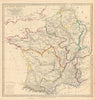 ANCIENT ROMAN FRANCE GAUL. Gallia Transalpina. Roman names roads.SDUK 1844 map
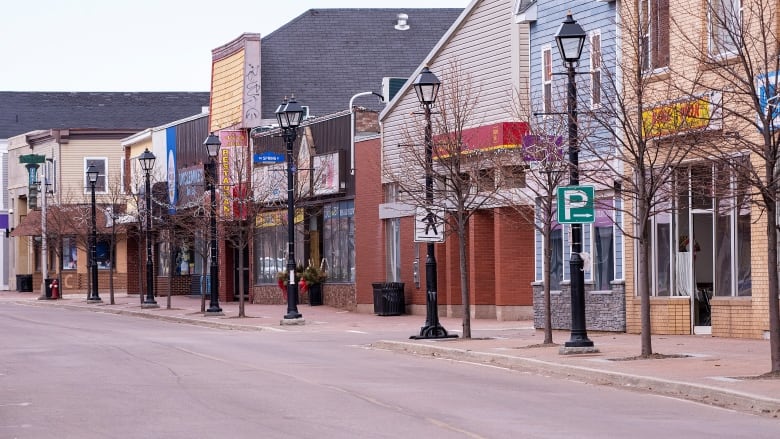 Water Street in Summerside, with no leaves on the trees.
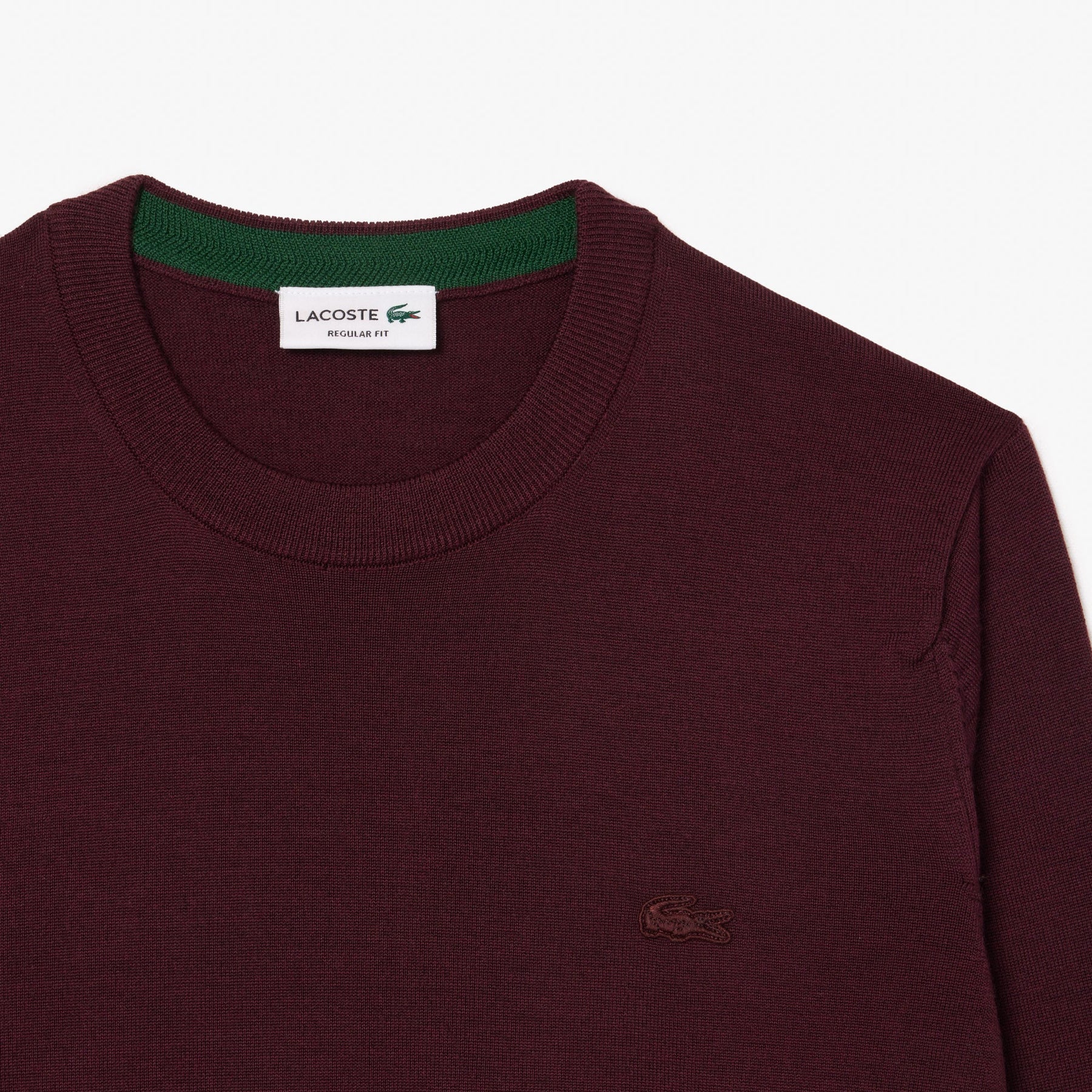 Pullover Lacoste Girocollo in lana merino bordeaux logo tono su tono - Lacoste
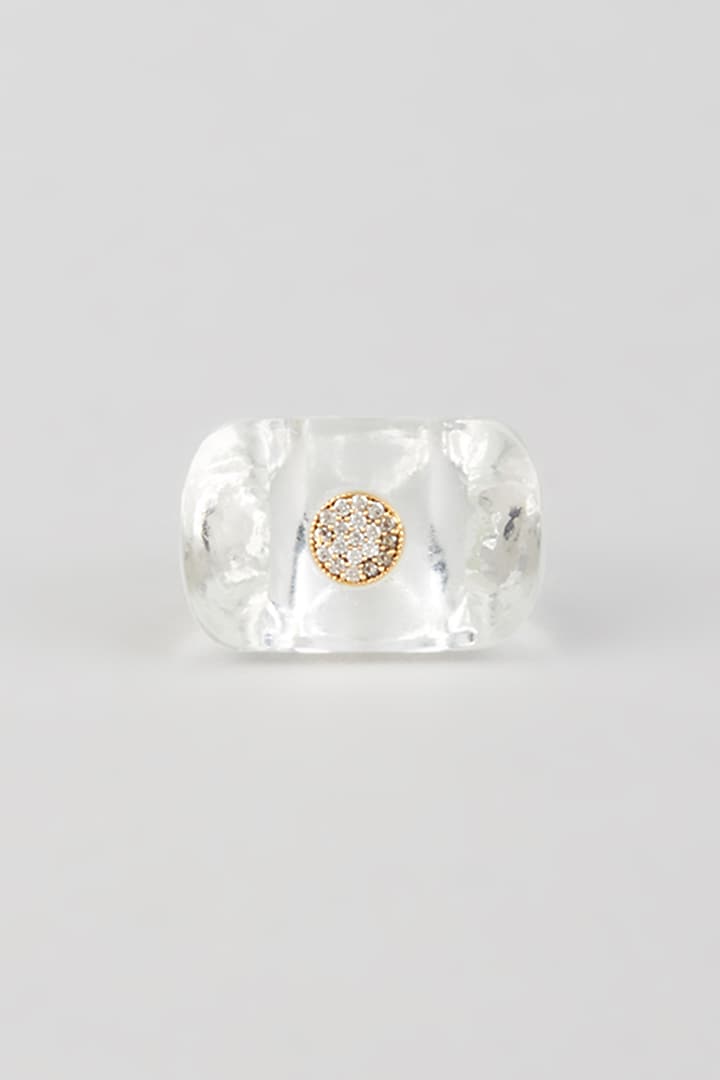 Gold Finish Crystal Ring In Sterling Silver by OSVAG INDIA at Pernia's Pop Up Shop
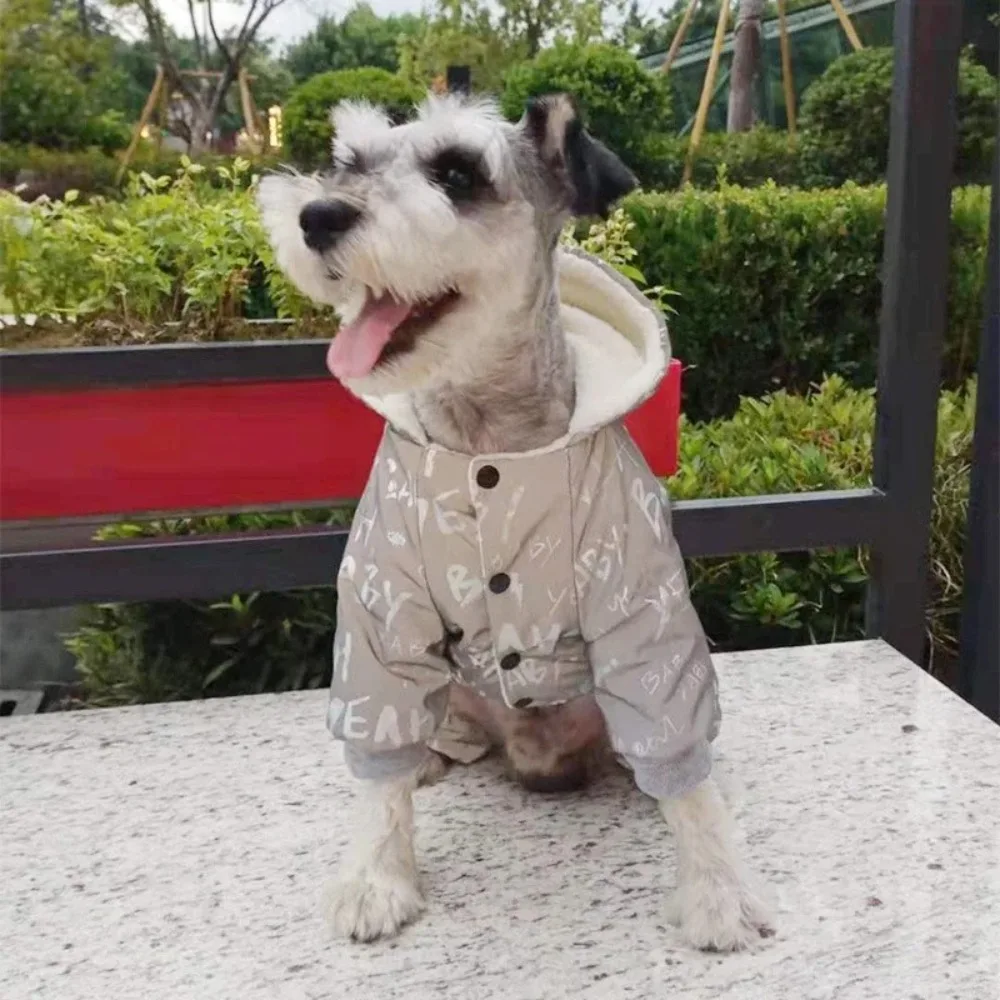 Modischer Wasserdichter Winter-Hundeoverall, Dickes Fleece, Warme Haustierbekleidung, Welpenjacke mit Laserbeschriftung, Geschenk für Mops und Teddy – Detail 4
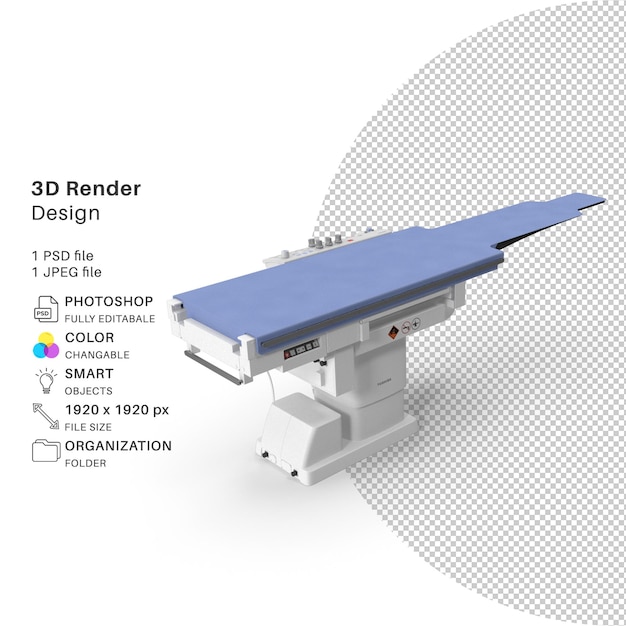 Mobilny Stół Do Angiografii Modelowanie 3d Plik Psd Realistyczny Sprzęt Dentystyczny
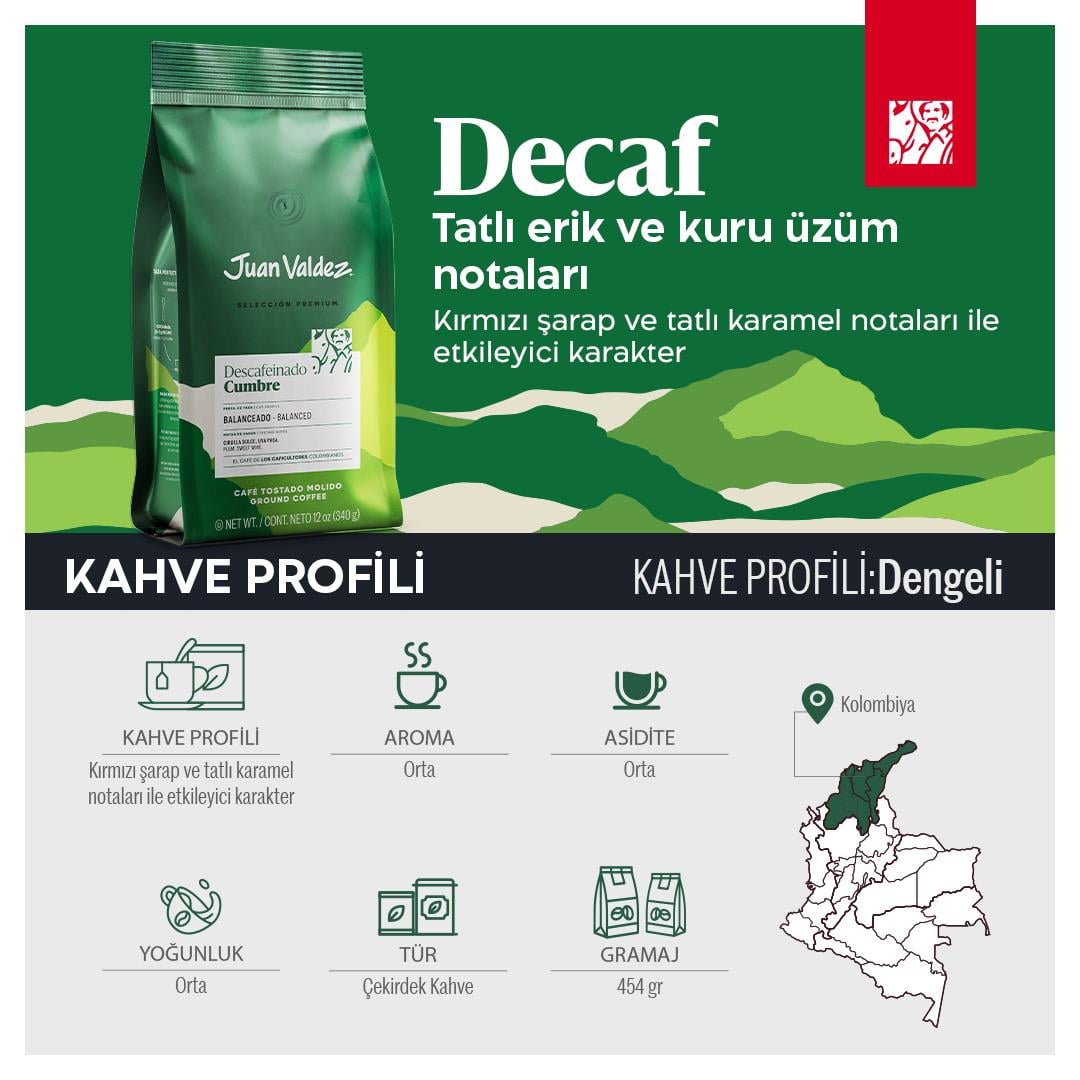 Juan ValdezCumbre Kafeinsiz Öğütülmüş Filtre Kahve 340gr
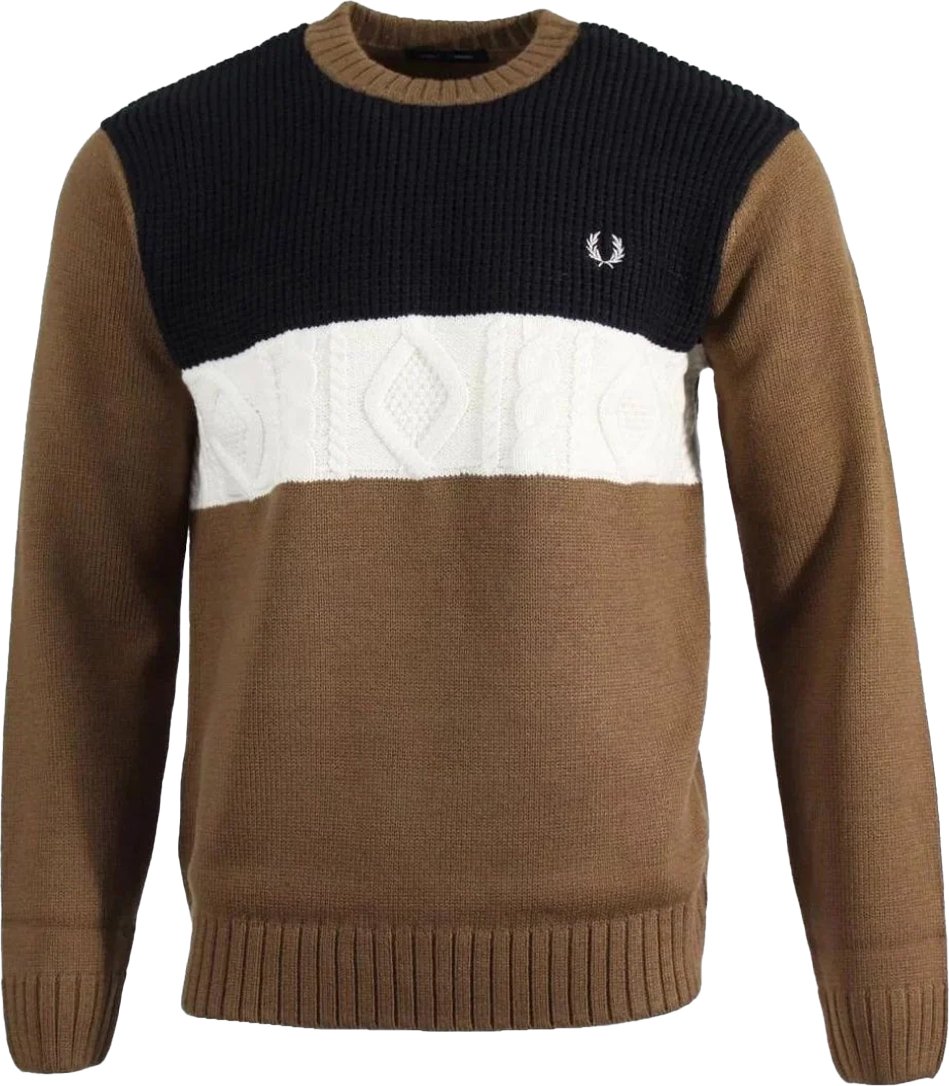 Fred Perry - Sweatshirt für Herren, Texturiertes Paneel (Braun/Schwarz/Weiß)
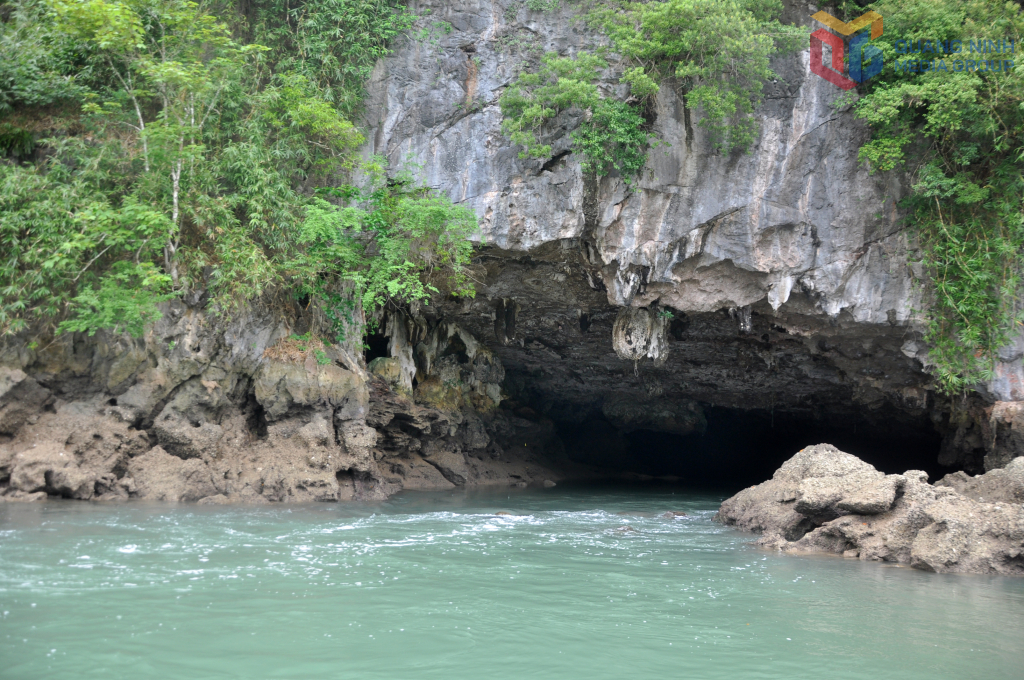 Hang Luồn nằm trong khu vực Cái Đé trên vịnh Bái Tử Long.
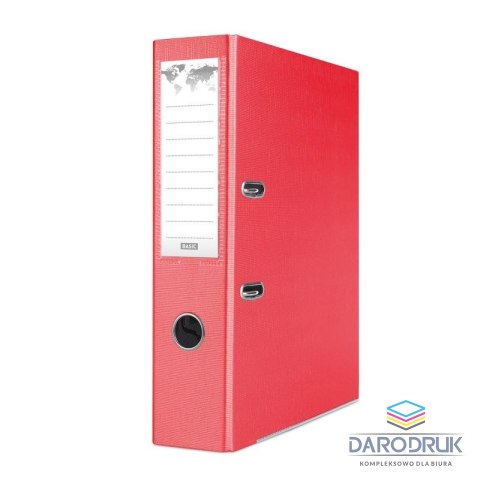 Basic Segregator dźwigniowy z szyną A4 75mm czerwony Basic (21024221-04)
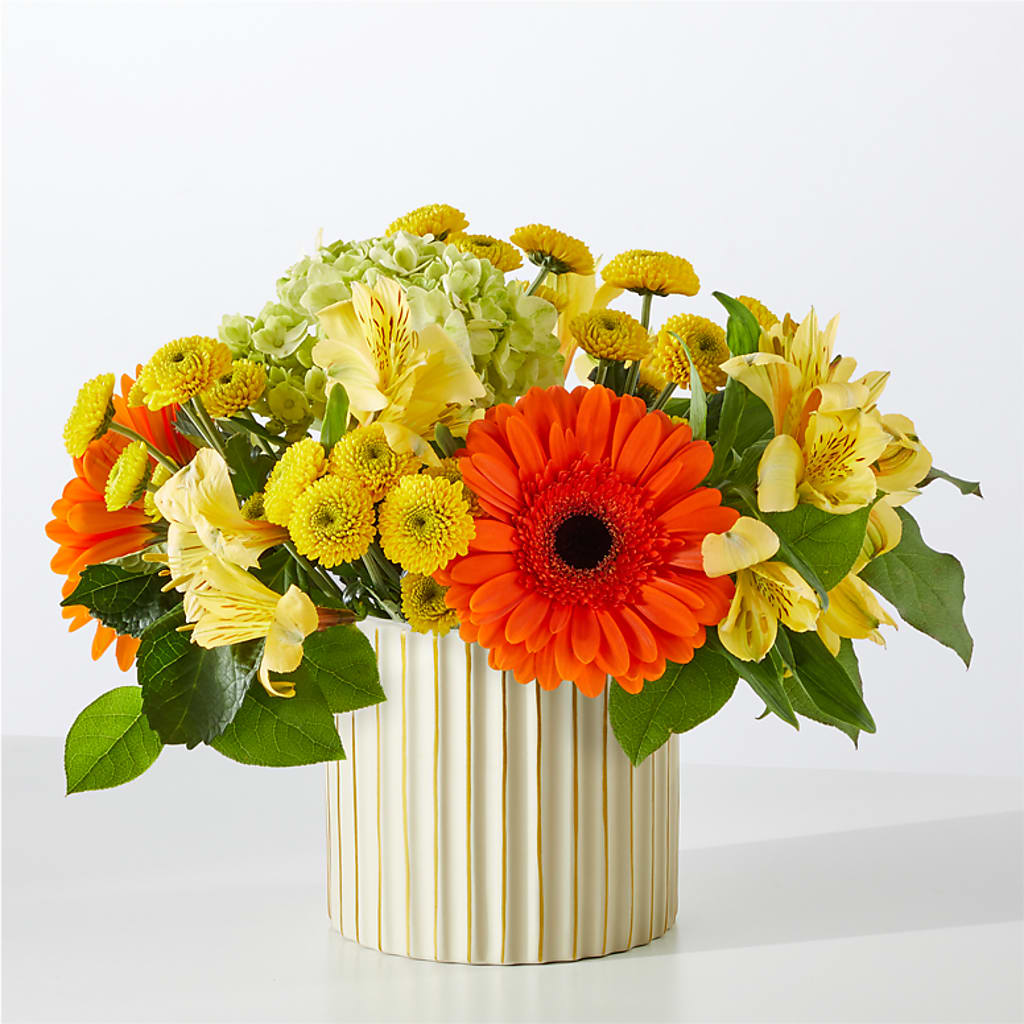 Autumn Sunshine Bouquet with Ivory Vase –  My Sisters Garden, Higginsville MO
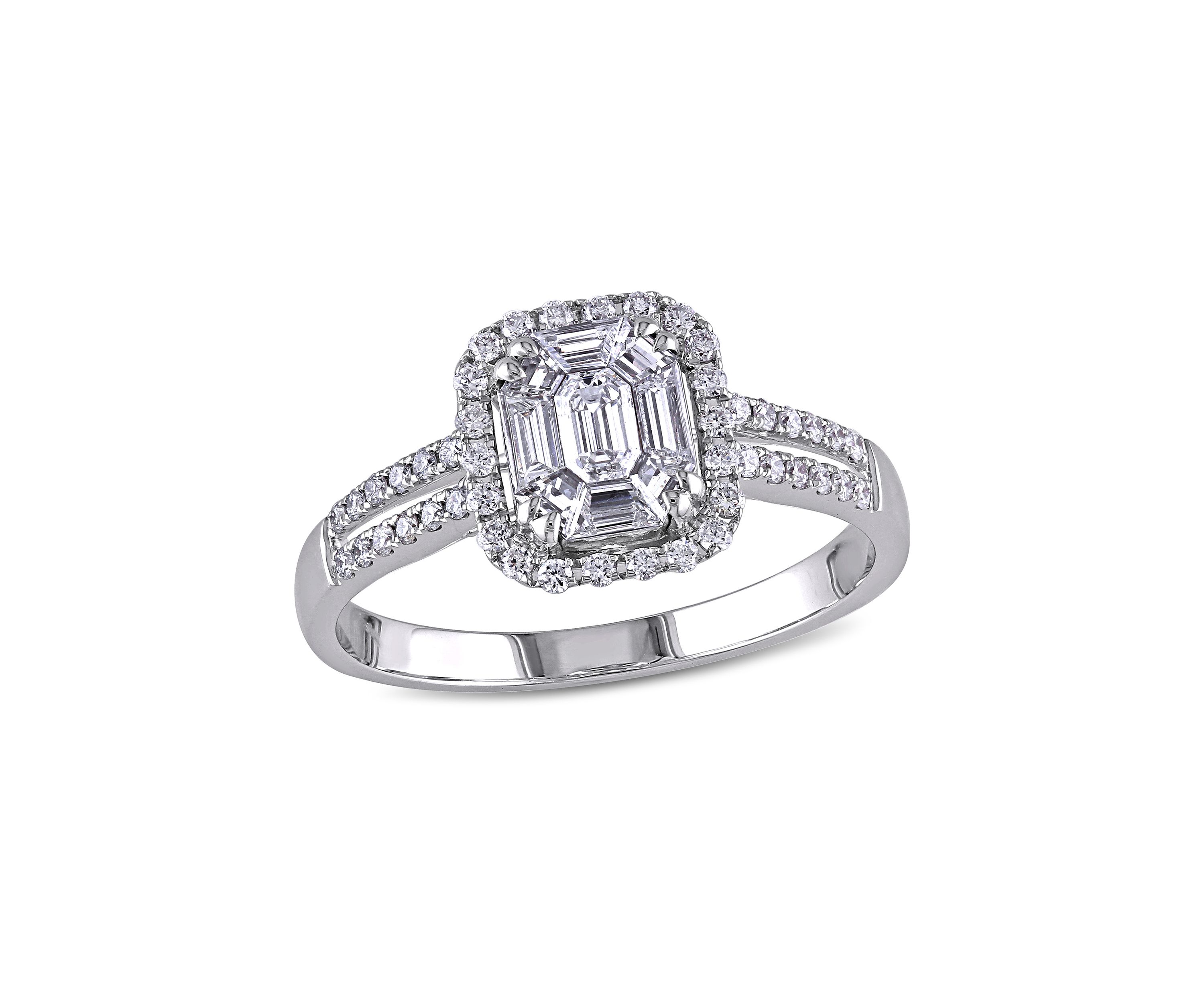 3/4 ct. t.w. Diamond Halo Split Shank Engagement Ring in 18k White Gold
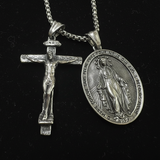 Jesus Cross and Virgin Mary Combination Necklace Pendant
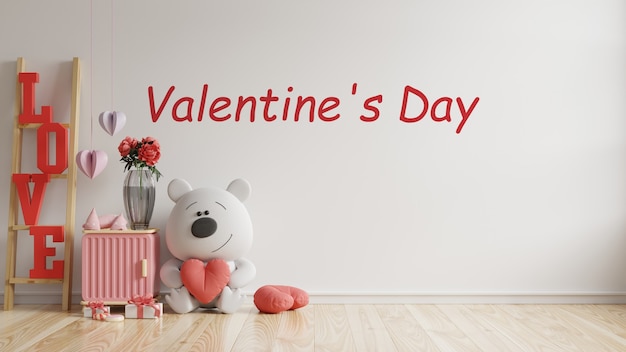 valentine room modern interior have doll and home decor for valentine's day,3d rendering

— Problem requirements —
The lines wanted run from the first one in the material above through the line containing "Fred Perry - Sweatshirt für"; give them again exactly, leaving out the pictures.

— Expected output —
 ANCIENT ROMAN FRANCE GAUL. Gallia Transalpina. Roman names roads.SDUK 1844 map
 Water Street in Summerside, with no leaves on the trees.
 Pullover Lacoste Girocollo in lana merino bordeaux logo tono su tono - Lacoste
 Gold Finish Crystal Ring In Sterling Silver by OSVAG INDIA at Pernia's Pop Up Shop
 Modischer Wasserdichter Winter-Hundeoverall, Dickes Fleece, Warme Haustierbekleidung, Welpenjacke mit Laserbeschriftung, Geschenk für Mops und Teddy – Detail 4
 Mobilny Stół Do Angiografii Modelowanie 3d Plik Psd Realistyczny Sprzęt Dentystyczny
 Juan ValdezCumbre Kafeinsiz Öğütülmüş Filtre Kahve 340gr
 Fred Perry - Sweatshirt für Herren, Texturiertes Paneel (Braun/Schwarz/Weiß)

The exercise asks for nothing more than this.